* EXERCISE PROMPT: Copy the listing below exactly. Pictures stay out of it.

* DATA BLOCK:

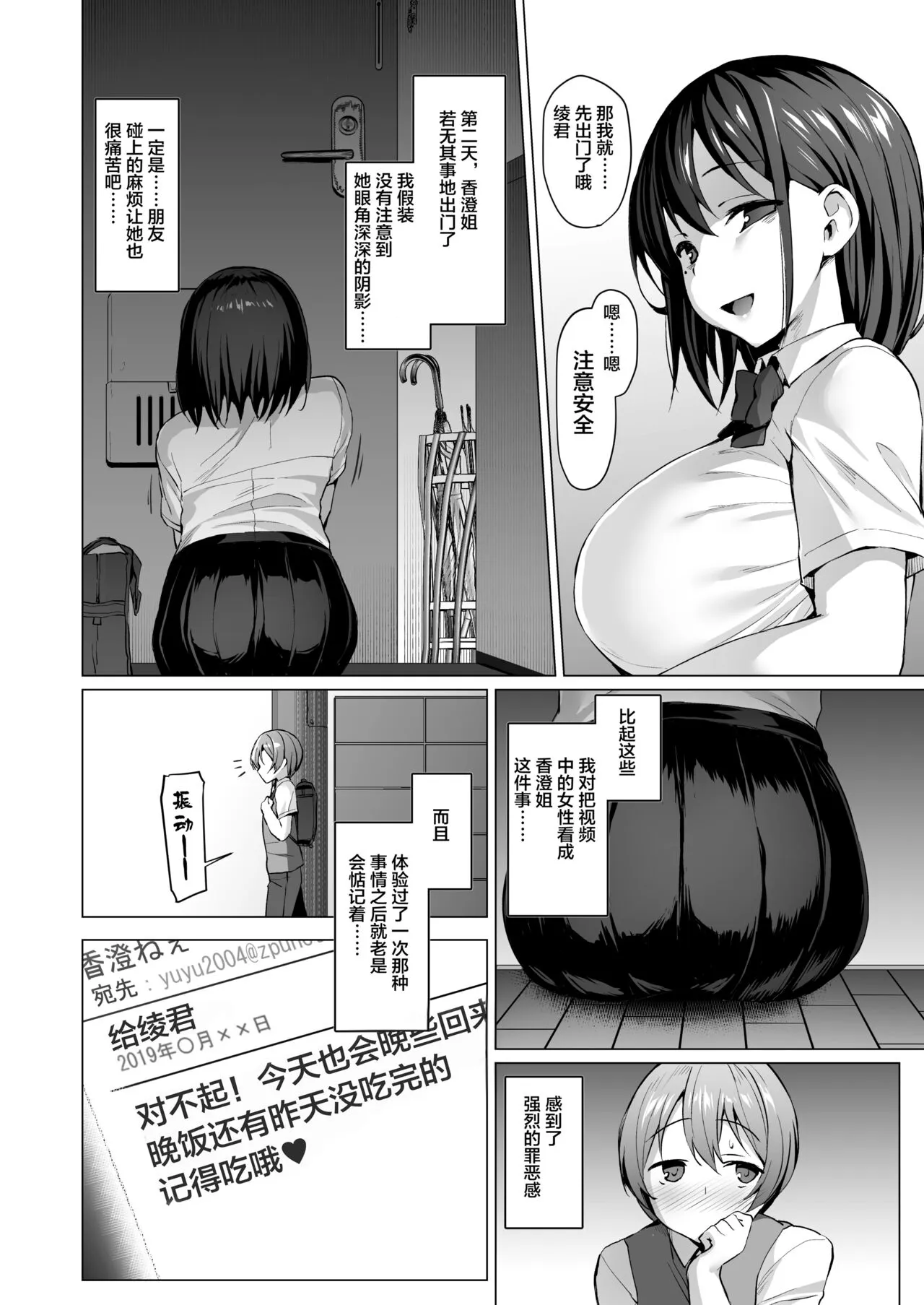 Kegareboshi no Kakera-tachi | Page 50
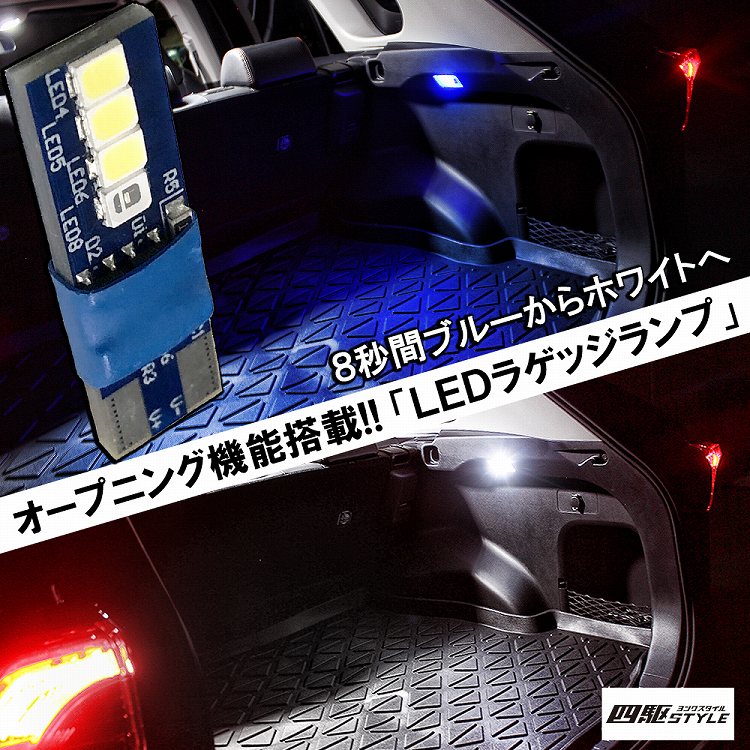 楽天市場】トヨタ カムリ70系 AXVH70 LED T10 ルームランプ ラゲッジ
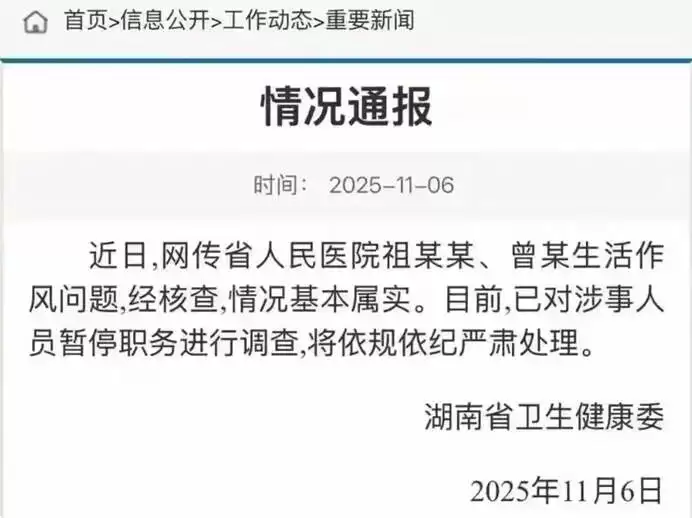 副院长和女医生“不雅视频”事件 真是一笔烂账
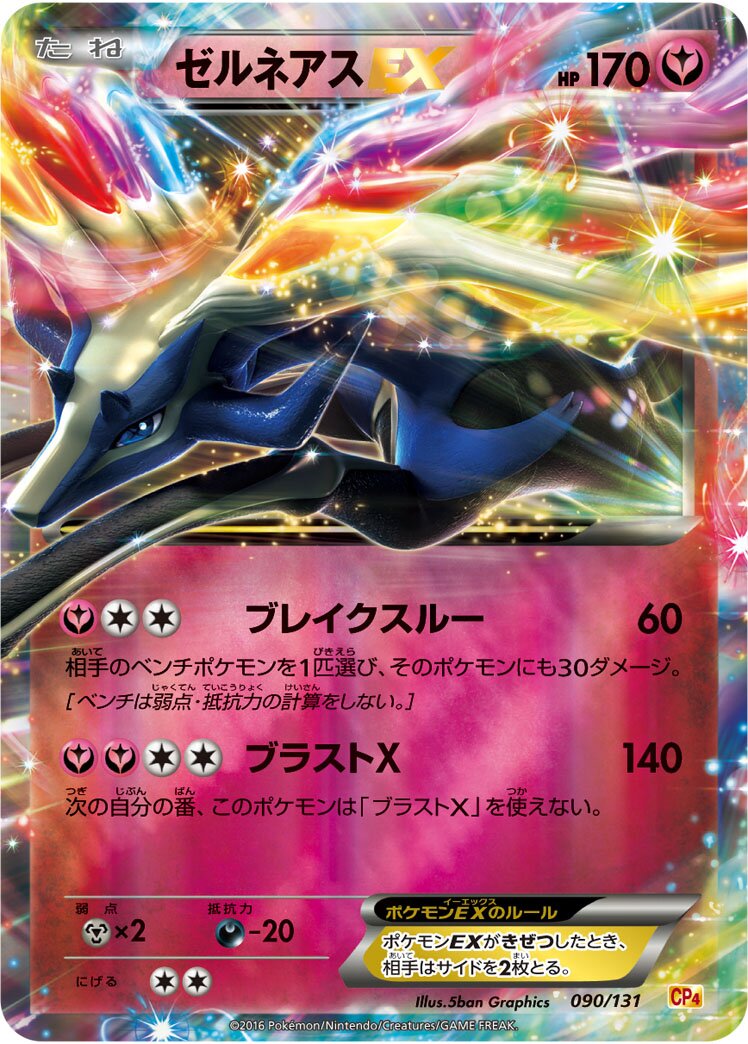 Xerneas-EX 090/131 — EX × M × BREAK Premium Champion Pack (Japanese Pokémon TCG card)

* RESULT OF THIS EXERCISE:
 Kegareboshi no Kakera-tachi | Page 50
 楽天市場】トヨタ カムリ70系 AXVH70 LED T10 ルームランプ ラゲッジ
 副院长和女医生“不雅视频”事件 真是一笔烂账
 Xerneas-EX 090/131 — EX × M × BREAK Premium Champion Pack (Japanese Pokémon TCG card)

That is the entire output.